### EXERCISE
With the pictures removed, retype the lines from the one holding "Major Swingers: Rome" through the end of the records, exactly as written.

### Short text fragments from websites

%%

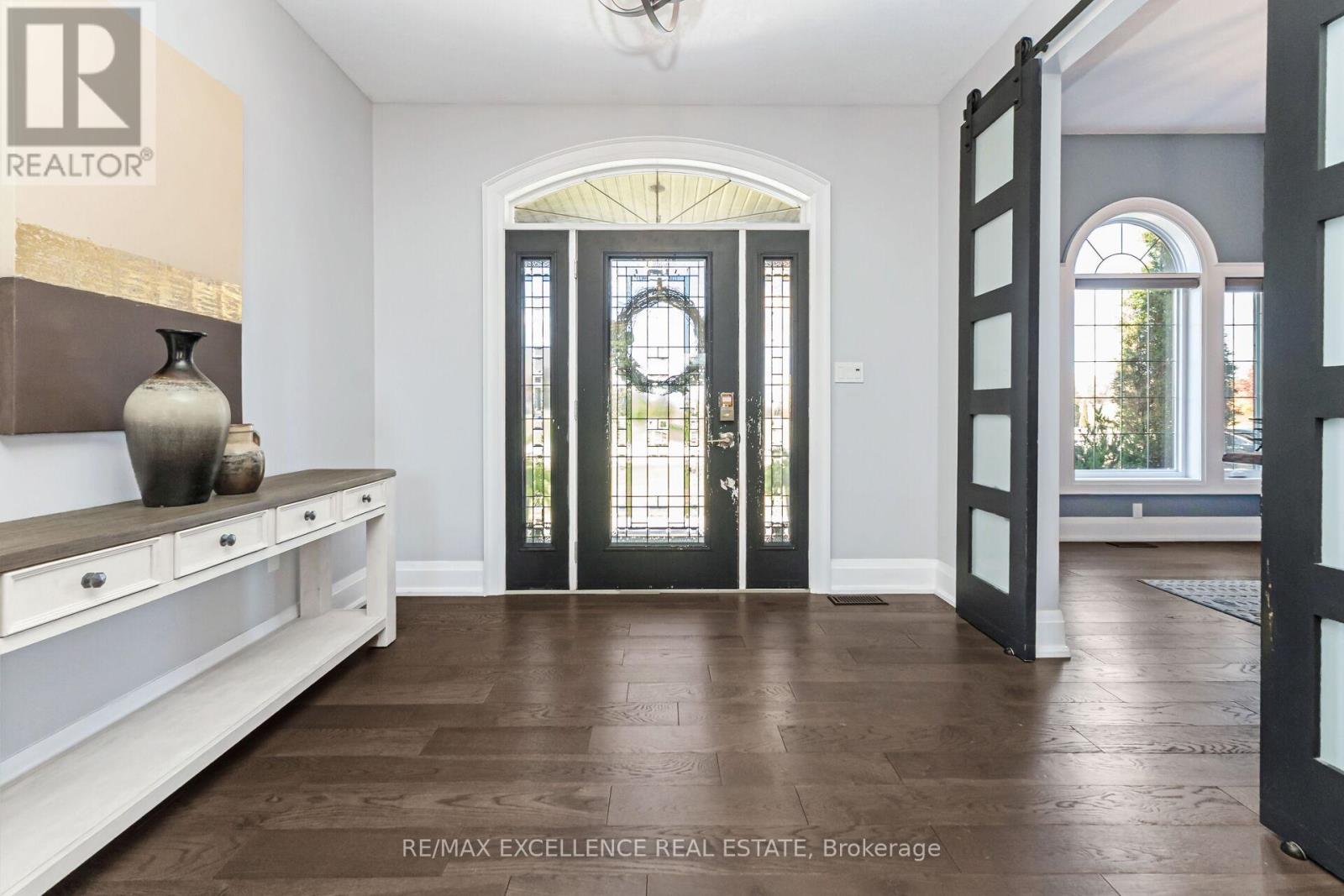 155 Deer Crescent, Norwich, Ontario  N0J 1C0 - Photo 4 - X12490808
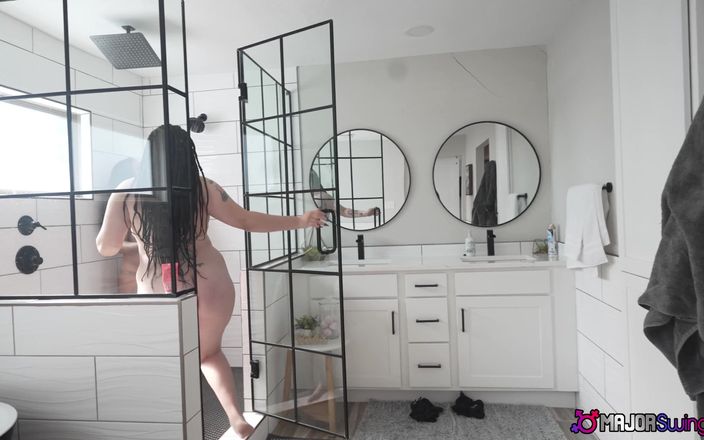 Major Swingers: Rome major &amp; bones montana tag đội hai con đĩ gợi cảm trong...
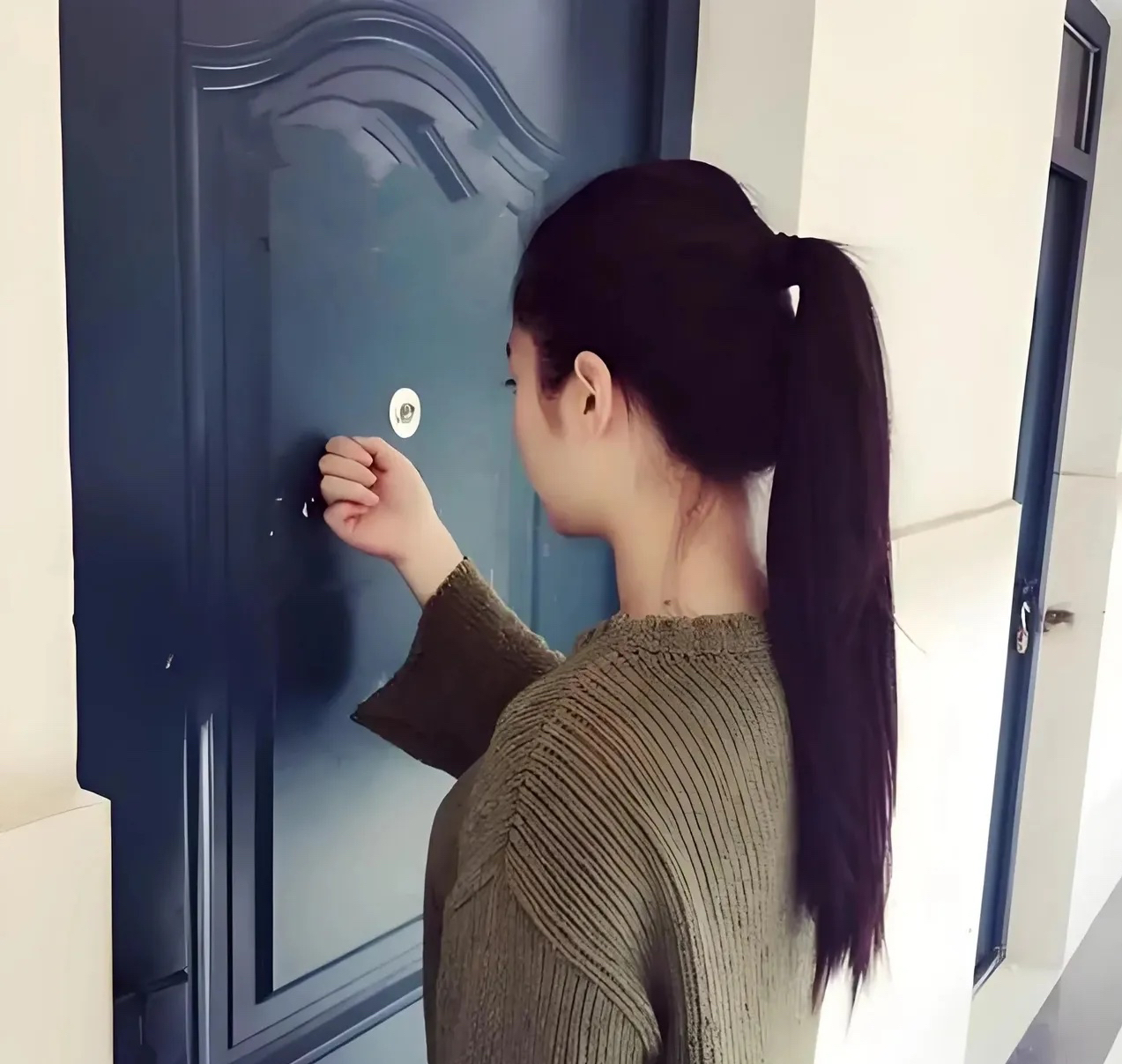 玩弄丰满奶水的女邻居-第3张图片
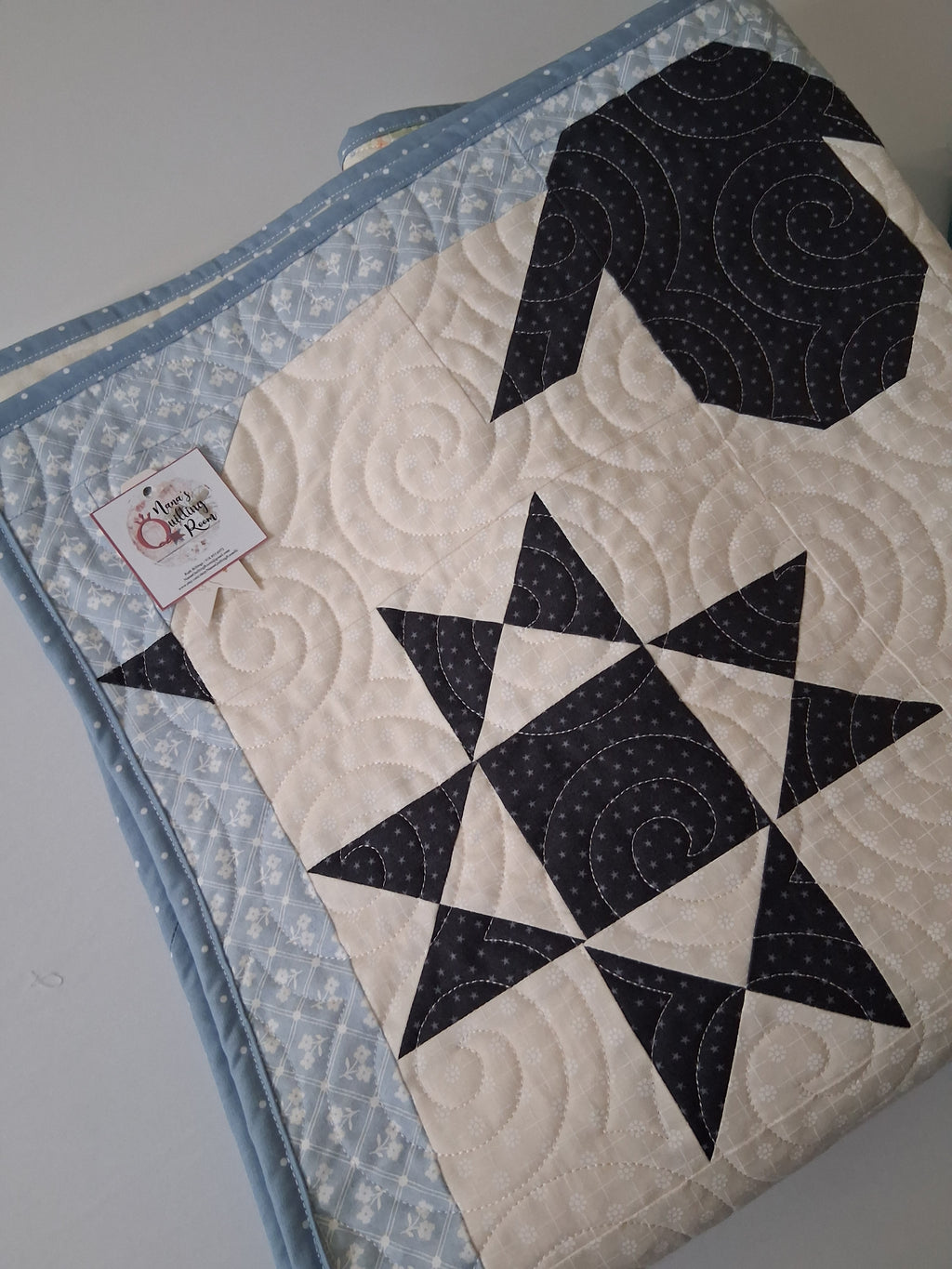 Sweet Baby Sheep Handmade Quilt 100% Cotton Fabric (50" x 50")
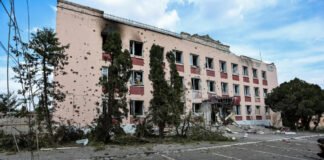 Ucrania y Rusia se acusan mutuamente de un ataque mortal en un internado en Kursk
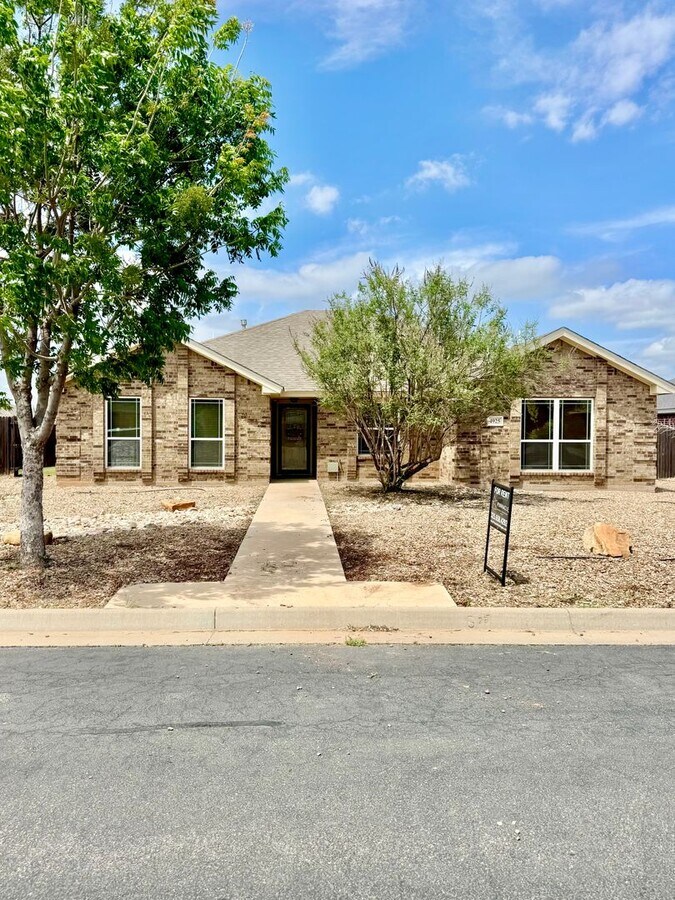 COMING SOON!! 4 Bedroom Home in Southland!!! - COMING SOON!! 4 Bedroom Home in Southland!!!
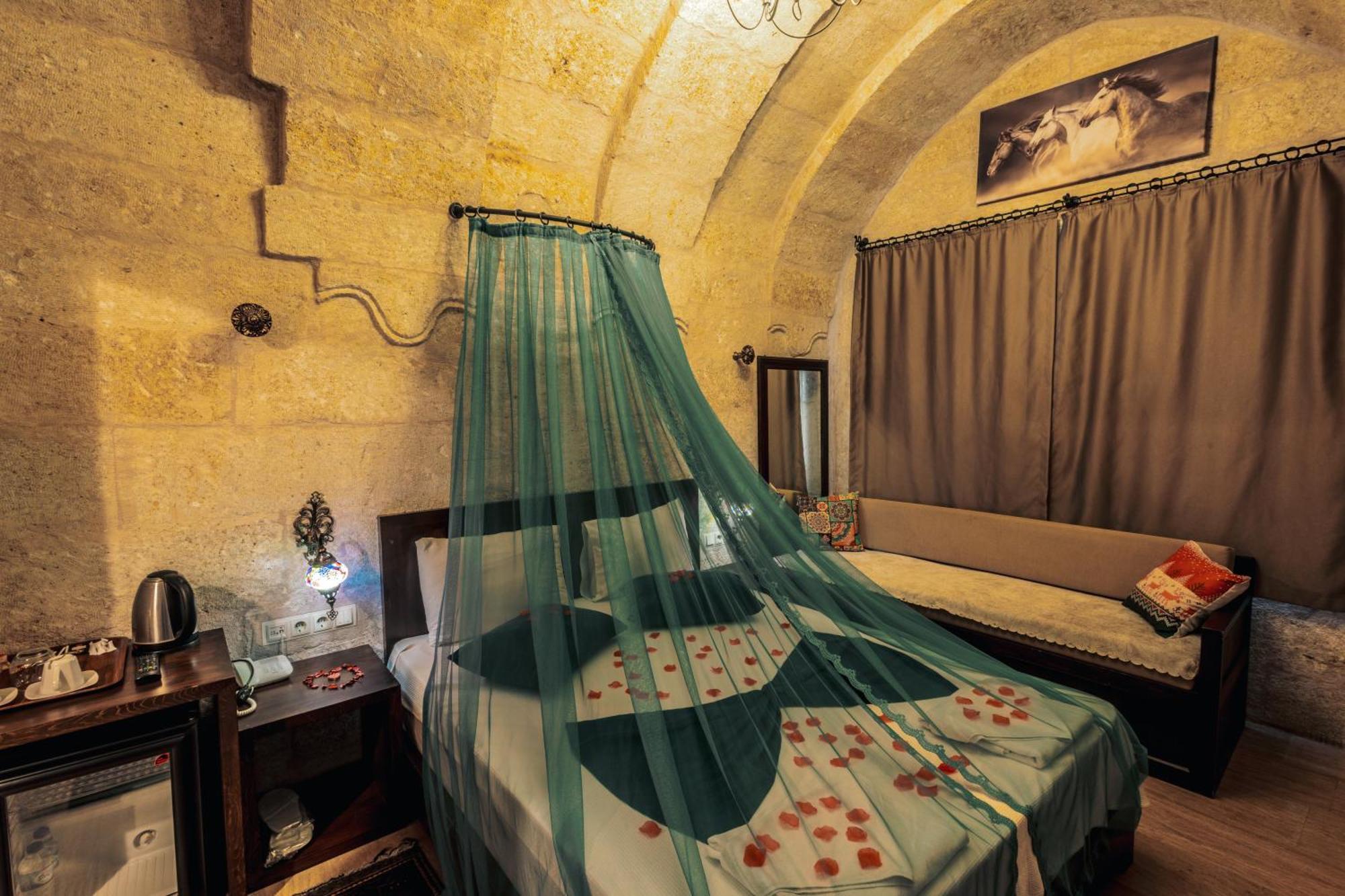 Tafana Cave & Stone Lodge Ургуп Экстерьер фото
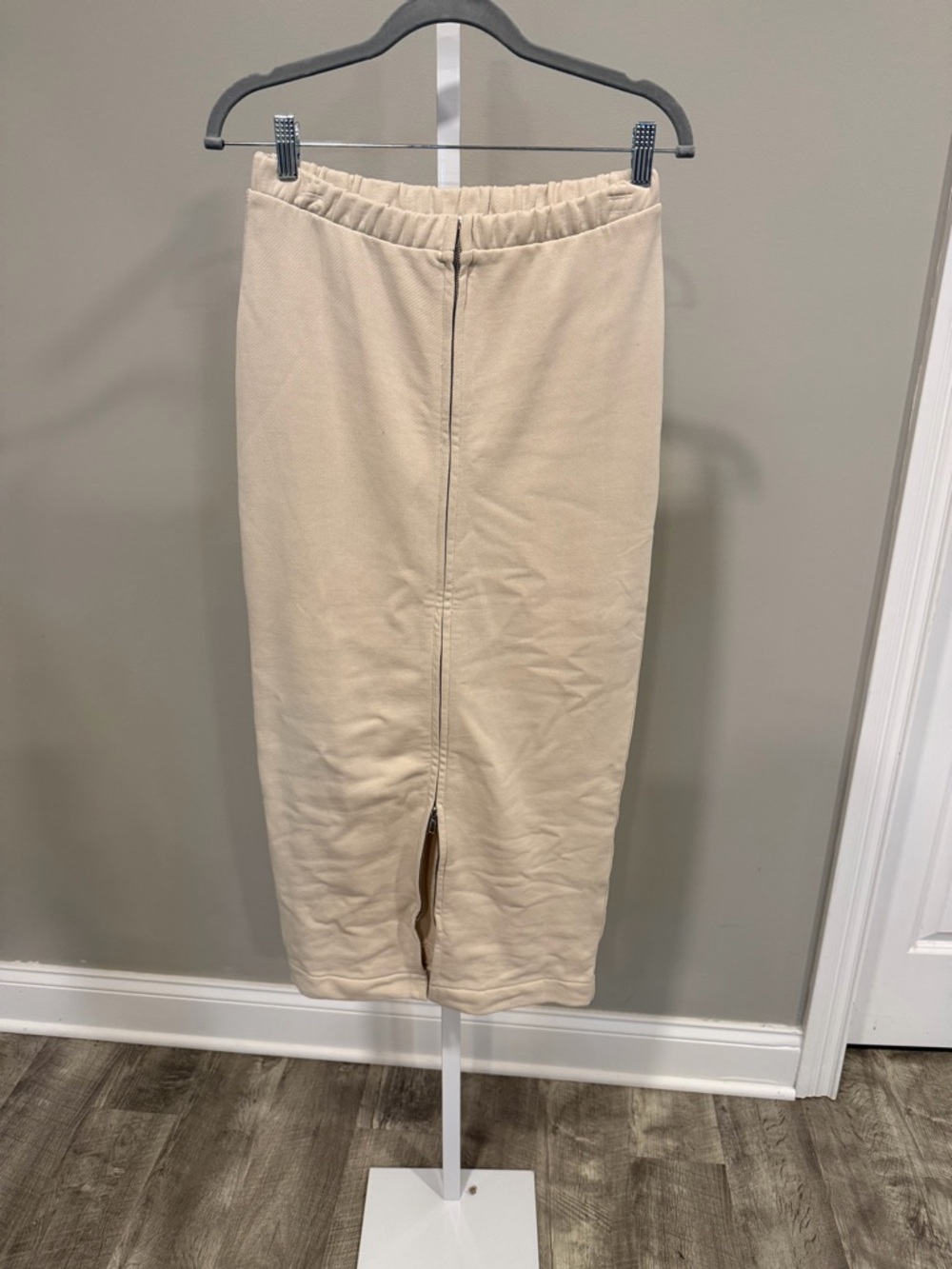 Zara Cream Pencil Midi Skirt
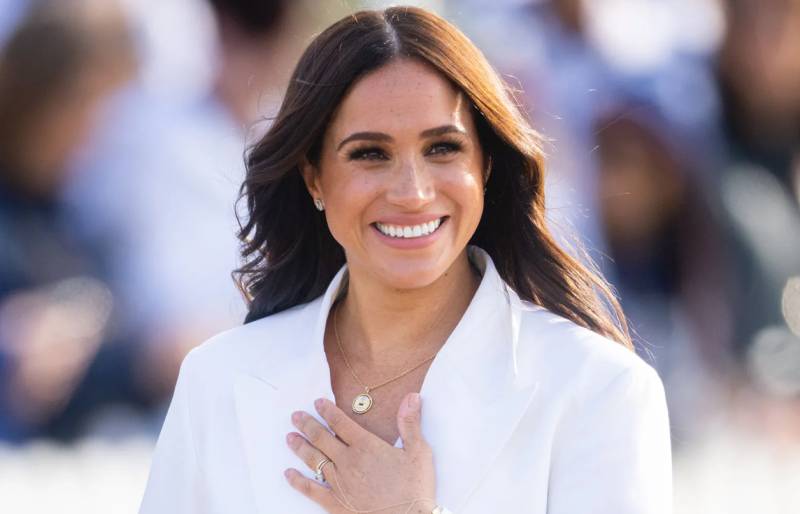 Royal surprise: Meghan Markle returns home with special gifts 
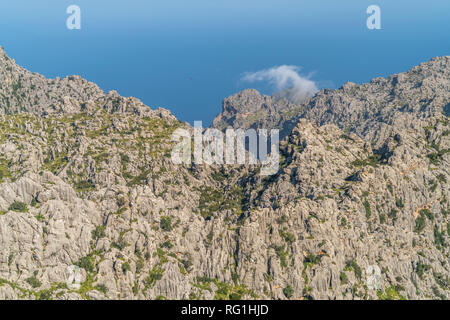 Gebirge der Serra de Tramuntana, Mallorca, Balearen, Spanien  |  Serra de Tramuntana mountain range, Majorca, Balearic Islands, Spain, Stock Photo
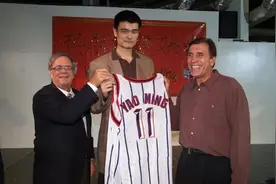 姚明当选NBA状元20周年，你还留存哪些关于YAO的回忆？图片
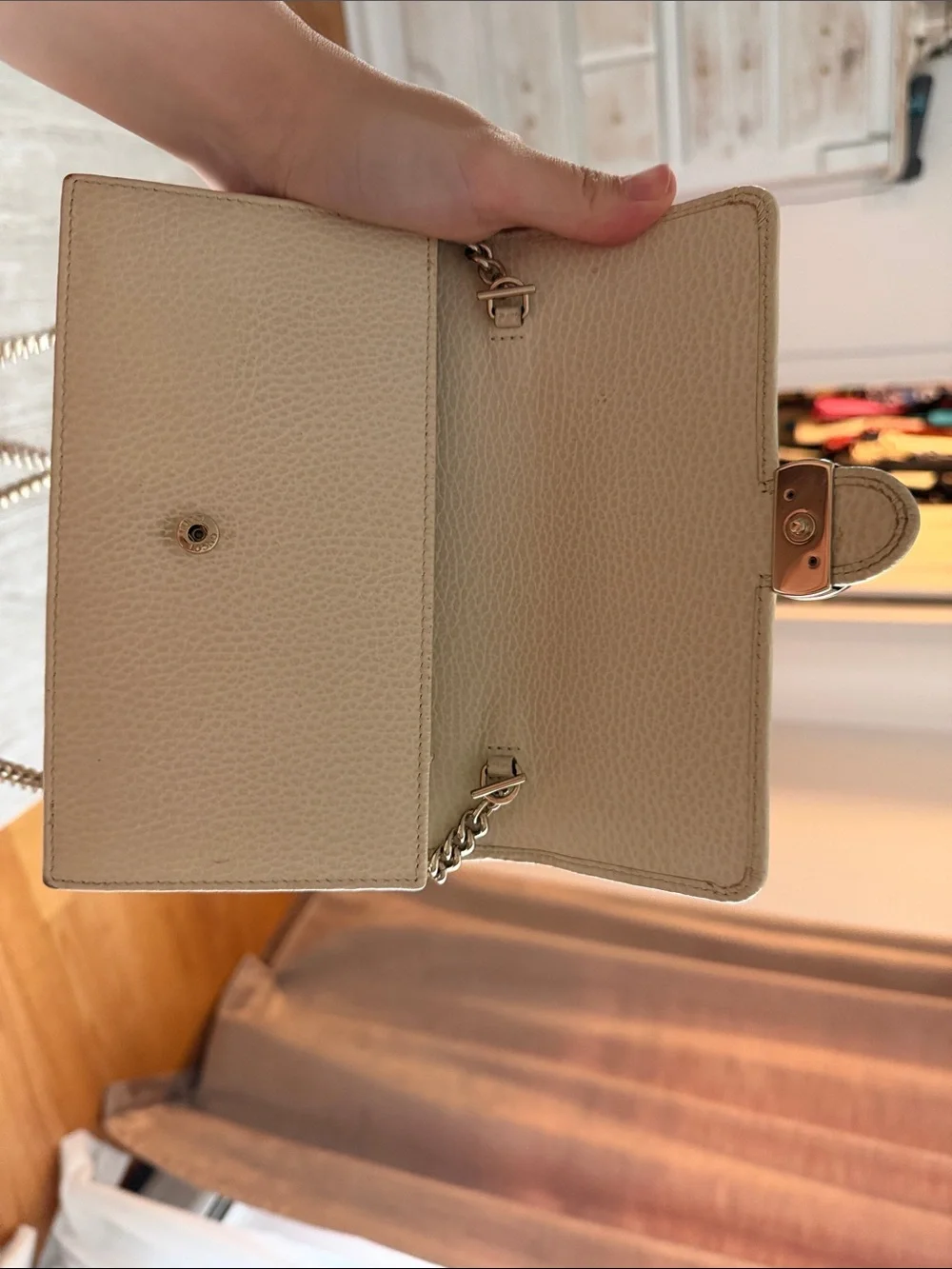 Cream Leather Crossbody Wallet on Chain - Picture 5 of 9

%%

### FINAL ANSWER
 Major Swingers: Rome major &amp; bones montana tag đội hai con đĩ gợi cảm trong...
 玩弄丰满奶水的女邻居-第3张图片
 Sweet Baby Sheep Handmade Quilt 100% Cotton Fabric (50" x 50")
 Ucrania y Rusia se acusan mutuamente de un ataque mortal en un internado en Kursk
 COMING SOON!! 4 Bedroom Home in Southland!!! - COMING SOON!! 4 Bedroom Home in Southland!!!
 Tafana Cave & Stone Lodge Ургуп Экстерьер фото
 Zara Cream Pencil Midi Skirt
 Royal surprise: Meghan Markle returns home with special gifts 
 Gebirge der Serra de Tramuntana, Mallorca, Balearen, Spanien  |  Serra de Tramuntana mountain range, Majorca, Balearic Islands, Spain, Stock Photo
 姚明当选NBA状元20周年，你还留存哪些关于YAO的回忆？图片
 Cream Leather Crossbody Wallet on Chain - Picture 5 of 9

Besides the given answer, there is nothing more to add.